В конечном счете от пророчеств Маркса, противоречащих его же двум основным принципам - экономике и науке, осталось лишь страстное провозвестие некоего события, которое должно произойти в весьма отдаленном будущем. Любимой уловкой марксистов являются речи о затянувшейся отсрочке этого события и о том, что в один прекрасный день им будет оправдано все. Иначе говоря, мы находимся в чистилище, и нас уверяют, что ада не будет. В связи с этим возникает проблема иного порядка. Если борьбы одного или двух поколений в процессе благоприятного экономического развития достаточно для достижения бесклассового общества, то жертвы, приносимые участниками этой борьбы, вполне оправданны: ведь они видят будущее во вполне конкретном обличье, в облике своего ребенка, например. Но если не хватит и жертв многих поколений и мы должны вступить в бесконечную полосу разрушительных всемирных битв, нам придется искать опору в вере, чтобы научиться умирать и умерщвлять. Беда в том, что эта новая вера основывается на чистом разуме не в большей мере, чем все предыдущие.

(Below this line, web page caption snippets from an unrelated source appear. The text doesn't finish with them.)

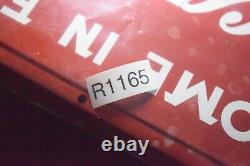 1950s COME IN FOR COCA COLA IN BOTTLES ART DECO EMBOSSED PAINTED METAL DOOR SIGN
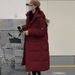 Women's Extra-Long Winter Coat With Polyester Filling, Knee-Length Oversized Hooded Parka, Unisex Loose Fit, Korean Streetwear Style_ecoleips.com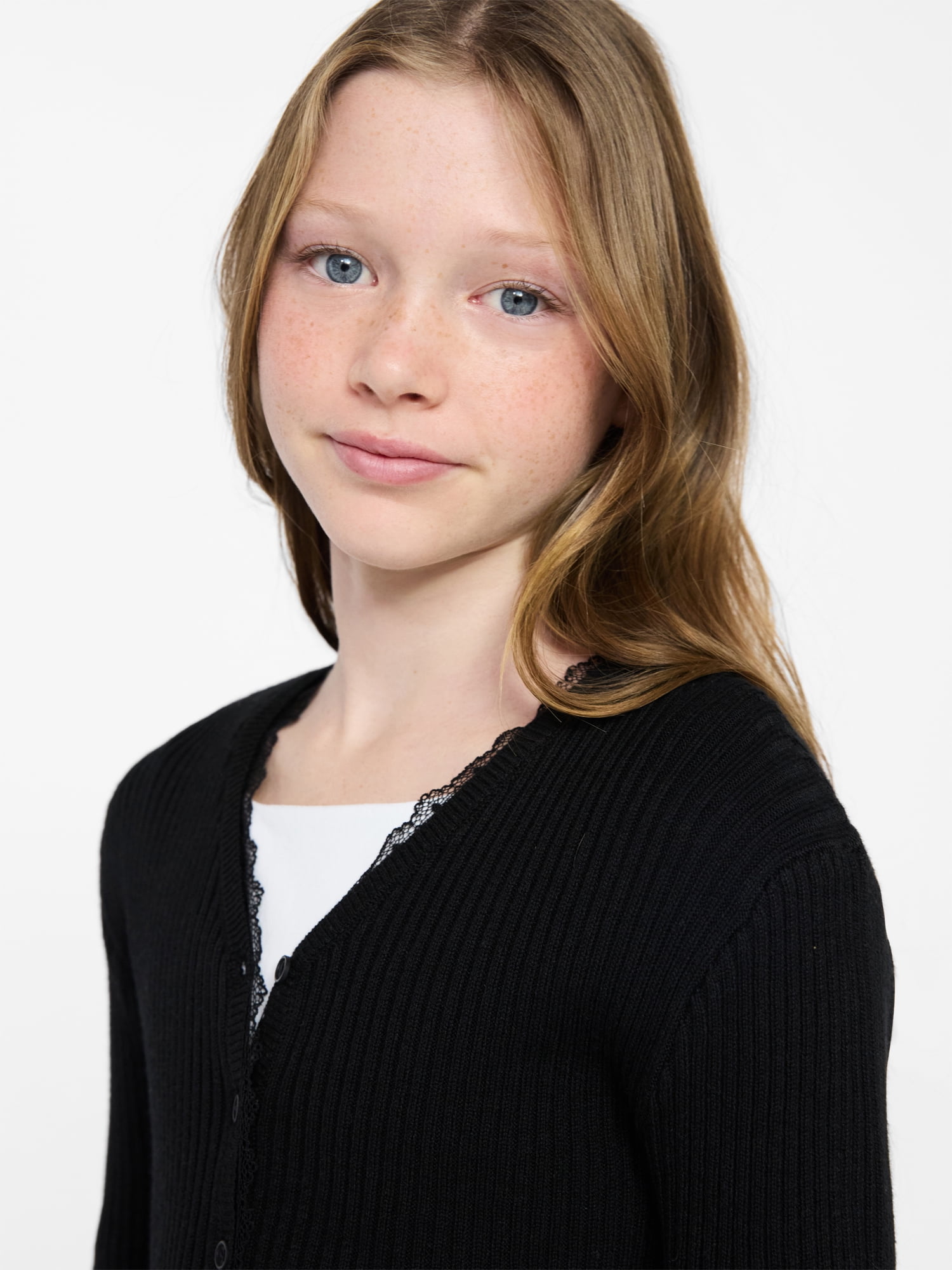 Weekend Academy Girls Lace Trimmed Cardigan, Sizes 4-18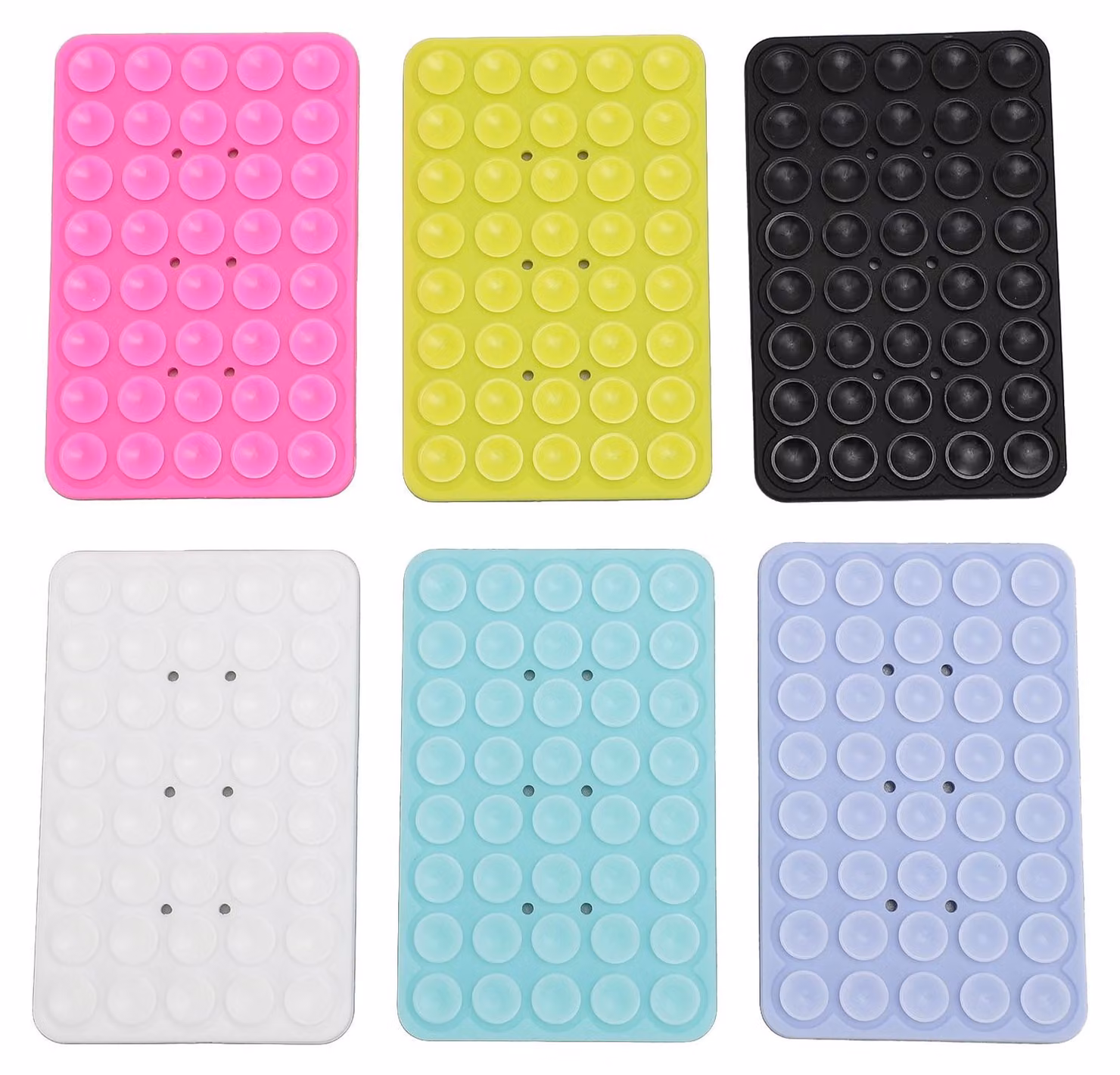 6 supporti per cellulare con ventose, multifunzionali, con base in silicone a doppia faccia, antiscivolo, ideali per specchi e cabine doccia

Но как же все-таки представить себе этот конец истории? В данном случае Маркс не прибегает к гегелевской терминологии. Он в достаточно темных выражениях говорит, что коммунизм - это всего лишь необходимая форма человеческого будущего, не исчерпывающая собой все совокупности будущего. Но коммунизм либо не завершает историю противоречий и страданий, и тогда непонятно, как им можно оправдать столько жертв и усилий; либо он является ее завершением, и тогда весь ее ход можно представить себе лишь как движение к этому совершенному обществу. И тогда в описание, претендующее на научность, произвольно вводится некое мистическое понятие. Окончательное исчезновение политической экономии, этого и любленного предмета Маркса и Энгельса, означает конец всякого страдания. Ведь экономика тождественна тяготам и несчастьям истории, исчезающим вместе с ней. И мы оказываемся в раю.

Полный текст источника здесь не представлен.